10 Best Wrestling Matches Of 2016: #4 – Hiroshi Tanahashi Vs Kazuchika Okada
Sometimes, the best wrestling match of the year happens four days into January. Wrestle Kingdom, the Japanese equivalent of Wrestlemania, takes place every year on the 4th of January. In recent years, as the renaissance of New Japan Pro Wrestling continues, this has meant some truly spectacular shows. This year’s main event saw its two top stars put on the kind of match that would likely make a lot of western wrestlers feel a little inadequate.
The Ace Vs The Upstart
Hiroshi Tanahashi has been the ‘Ace’ of New Japan for close to a decade. Imagine a star as big as John Cena with the ring aptitude of Shawn Michaels. Tanahashi has held New Japan’s top belt, the IWGP Heavyweight Championship, seven times. Going into the Tokyo Dome on January 4th, however, the Ace did not have the gold. Instead, the title was held by the man New Japan hope will eventually replace the aging Tanahashi as its top star: Kazuchika Okada.
Imagine if Vince McMahon came to his senses and decided to put a rocket behind Seth Rollins and push him to the stars and you wouldn’t be far off what Okada is in Japan.
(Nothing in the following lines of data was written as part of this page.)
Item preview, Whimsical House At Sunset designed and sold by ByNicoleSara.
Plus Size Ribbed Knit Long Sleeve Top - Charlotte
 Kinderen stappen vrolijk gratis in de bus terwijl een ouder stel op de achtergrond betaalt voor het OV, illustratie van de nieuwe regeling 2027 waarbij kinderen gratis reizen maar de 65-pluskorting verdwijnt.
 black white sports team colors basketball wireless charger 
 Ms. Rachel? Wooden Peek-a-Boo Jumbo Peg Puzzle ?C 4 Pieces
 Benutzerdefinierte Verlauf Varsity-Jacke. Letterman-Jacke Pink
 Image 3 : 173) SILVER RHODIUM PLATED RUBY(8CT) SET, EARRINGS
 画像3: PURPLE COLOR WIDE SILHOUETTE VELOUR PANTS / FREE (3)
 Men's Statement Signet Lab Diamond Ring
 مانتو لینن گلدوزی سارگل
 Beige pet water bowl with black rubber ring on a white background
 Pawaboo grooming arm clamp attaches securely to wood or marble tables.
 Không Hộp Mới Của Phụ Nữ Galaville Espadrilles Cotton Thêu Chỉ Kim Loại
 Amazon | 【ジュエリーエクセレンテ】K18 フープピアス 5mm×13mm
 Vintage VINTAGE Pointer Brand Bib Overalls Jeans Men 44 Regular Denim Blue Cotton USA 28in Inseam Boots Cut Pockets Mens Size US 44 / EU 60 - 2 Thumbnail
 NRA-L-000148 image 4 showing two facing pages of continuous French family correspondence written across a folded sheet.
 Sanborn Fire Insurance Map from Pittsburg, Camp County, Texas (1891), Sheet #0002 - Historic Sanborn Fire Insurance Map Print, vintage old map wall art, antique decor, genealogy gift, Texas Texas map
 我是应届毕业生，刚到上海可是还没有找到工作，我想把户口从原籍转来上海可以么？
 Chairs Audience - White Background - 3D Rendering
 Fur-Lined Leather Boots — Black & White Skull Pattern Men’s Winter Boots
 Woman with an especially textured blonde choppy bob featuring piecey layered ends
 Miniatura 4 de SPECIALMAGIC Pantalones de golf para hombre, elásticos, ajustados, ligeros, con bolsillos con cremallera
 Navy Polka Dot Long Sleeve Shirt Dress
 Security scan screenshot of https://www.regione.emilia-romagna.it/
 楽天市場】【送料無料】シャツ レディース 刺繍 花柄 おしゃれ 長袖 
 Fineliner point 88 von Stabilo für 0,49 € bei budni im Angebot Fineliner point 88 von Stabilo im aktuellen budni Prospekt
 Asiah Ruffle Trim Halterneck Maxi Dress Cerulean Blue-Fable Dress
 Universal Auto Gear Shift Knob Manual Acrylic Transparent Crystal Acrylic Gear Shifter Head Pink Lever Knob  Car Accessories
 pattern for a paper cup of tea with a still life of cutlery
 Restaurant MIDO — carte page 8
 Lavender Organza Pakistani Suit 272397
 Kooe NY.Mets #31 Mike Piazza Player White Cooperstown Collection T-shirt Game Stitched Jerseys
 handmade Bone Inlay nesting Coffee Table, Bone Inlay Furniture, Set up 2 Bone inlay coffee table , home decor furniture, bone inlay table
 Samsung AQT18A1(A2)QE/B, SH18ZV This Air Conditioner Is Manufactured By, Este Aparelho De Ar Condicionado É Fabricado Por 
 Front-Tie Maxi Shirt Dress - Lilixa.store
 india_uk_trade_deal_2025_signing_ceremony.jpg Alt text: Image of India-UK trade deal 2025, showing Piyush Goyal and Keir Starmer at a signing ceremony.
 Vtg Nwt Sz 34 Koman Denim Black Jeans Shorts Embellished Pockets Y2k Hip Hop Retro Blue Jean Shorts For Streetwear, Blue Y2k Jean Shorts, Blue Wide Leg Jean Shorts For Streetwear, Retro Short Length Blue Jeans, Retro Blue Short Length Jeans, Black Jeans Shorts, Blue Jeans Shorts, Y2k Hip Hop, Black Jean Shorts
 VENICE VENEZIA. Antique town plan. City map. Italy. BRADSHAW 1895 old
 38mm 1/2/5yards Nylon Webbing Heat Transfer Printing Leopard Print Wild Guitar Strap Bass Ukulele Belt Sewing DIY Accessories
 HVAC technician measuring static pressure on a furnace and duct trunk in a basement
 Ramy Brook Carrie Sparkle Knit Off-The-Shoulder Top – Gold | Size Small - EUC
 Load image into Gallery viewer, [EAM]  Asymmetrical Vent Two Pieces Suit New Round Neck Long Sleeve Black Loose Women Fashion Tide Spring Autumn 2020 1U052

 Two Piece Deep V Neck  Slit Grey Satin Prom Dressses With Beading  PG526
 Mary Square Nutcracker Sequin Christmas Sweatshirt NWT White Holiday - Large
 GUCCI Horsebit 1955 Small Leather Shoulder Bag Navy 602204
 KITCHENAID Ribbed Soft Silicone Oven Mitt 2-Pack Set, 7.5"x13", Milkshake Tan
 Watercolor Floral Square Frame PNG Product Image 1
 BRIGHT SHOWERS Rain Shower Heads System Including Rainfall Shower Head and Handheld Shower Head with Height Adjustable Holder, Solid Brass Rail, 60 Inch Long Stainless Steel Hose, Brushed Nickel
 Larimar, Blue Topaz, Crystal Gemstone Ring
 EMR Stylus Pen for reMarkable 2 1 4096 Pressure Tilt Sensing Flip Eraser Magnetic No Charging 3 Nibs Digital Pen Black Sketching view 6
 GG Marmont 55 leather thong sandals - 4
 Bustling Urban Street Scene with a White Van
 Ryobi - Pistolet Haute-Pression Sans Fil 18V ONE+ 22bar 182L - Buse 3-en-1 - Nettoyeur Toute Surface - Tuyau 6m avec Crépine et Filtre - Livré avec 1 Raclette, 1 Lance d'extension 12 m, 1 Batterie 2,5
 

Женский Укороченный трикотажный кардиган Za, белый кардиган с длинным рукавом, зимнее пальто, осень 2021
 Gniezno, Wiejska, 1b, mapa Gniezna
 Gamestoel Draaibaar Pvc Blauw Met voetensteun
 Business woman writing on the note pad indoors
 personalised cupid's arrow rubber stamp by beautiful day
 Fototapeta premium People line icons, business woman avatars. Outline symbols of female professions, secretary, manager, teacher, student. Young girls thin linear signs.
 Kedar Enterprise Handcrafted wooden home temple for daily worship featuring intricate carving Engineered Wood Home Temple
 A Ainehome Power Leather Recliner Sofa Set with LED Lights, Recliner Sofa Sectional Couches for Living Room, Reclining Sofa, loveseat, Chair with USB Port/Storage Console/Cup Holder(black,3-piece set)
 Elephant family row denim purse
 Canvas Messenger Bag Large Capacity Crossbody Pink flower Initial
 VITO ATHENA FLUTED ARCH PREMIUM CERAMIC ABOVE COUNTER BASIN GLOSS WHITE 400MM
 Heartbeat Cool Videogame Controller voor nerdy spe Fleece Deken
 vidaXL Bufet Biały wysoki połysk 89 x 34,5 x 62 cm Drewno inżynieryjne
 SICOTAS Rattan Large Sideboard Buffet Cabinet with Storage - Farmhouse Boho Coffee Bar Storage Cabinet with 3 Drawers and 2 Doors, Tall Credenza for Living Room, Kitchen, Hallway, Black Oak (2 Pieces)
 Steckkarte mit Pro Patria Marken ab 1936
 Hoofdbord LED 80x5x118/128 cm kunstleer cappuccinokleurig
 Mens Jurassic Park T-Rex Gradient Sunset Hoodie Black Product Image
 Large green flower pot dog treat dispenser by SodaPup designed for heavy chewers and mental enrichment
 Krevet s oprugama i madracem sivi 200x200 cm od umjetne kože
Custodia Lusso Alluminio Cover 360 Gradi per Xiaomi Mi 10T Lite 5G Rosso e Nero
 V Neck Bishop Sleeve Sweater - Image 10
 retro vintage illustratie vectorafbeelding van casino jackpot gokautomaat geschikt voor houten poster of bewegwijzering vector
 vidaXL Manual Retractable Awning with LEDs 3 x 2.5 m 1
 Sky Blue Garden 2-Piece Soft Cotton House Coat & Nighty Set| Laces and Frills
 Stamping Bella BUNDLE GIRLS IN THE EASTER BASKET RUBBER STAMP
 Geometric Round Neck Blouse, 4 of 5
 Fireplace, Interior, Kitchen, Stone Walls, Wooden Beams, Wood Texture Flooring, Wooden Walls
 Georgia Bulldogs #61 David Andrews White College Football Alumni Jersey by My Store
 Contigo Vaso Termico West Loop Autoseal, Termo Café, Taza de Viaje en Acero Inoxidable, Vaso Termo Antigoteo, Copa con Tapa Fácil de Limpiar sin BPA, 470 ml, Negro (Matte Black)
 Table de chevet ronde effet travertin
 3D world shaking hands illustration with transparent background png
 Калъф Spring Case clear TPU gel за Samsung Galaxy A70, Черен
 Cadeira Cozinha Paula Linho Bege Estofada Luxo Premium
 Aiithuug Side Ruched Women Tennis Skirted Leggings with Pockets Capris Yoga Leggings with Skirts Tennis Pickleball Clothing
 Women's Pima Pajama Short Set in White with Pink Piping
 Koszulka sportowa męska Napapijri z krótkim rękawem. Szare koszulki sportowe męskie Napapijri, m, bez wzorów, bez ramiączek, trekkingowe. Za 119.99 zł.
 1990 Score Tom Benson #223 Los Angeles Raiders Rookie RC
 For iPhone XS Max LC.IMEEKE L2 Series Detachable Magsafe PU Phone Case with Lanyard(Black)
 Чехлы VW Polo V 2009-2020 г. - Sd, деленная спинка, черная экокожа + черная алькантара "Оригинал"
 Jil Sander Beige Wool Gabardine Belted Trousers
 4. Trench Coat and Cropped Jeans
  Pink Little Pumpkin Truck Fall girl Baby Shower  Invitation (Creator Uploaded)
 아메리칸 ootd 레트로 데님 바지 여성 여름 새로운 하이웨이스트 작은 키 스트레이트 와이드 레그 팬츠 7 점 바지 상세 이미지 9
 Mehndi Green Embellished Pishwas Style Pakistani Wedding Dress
A brash young workhorse with a knack for putting on show stealing matches when called upon, Okada goes by the moniker of ‘The Rainmaker’. Donning the kind of lavish robe to the ring that would make Ric Flair blush, fake money falls from the ceiling as he enters the arena. He’s a matinee idol with ring skills which may soon be unsurpassed. And he’s only 29.
But what about the actual match? Okada and Tanahashi have been feuding for so long in New Japan the pair might be hard pressed to show fans anything new. So when when they closed Wrestle Kingdom 10 with a five star match, it was probably time they had your attention.
The Passing Of The Torch
This match perfectly encapsulated the ongoing story between the champ and the ace. Okada was younger, taller and more resilient, but Tanahashi was smarter and more methodical. As the match saw reversal after counter after reversal, Tanahashi attacked Okada’s legs, slowing him down and breaking his vertical base. Okada is known for some big moves, such as the piledriver or his Rainmaker clothesline, but every time he dug deep into his arsenal, Tanahashi schooled him with an unexpected reversal. It was the backbone of the match’s story, and Tanahashi would always get back control. Until the finish, that is.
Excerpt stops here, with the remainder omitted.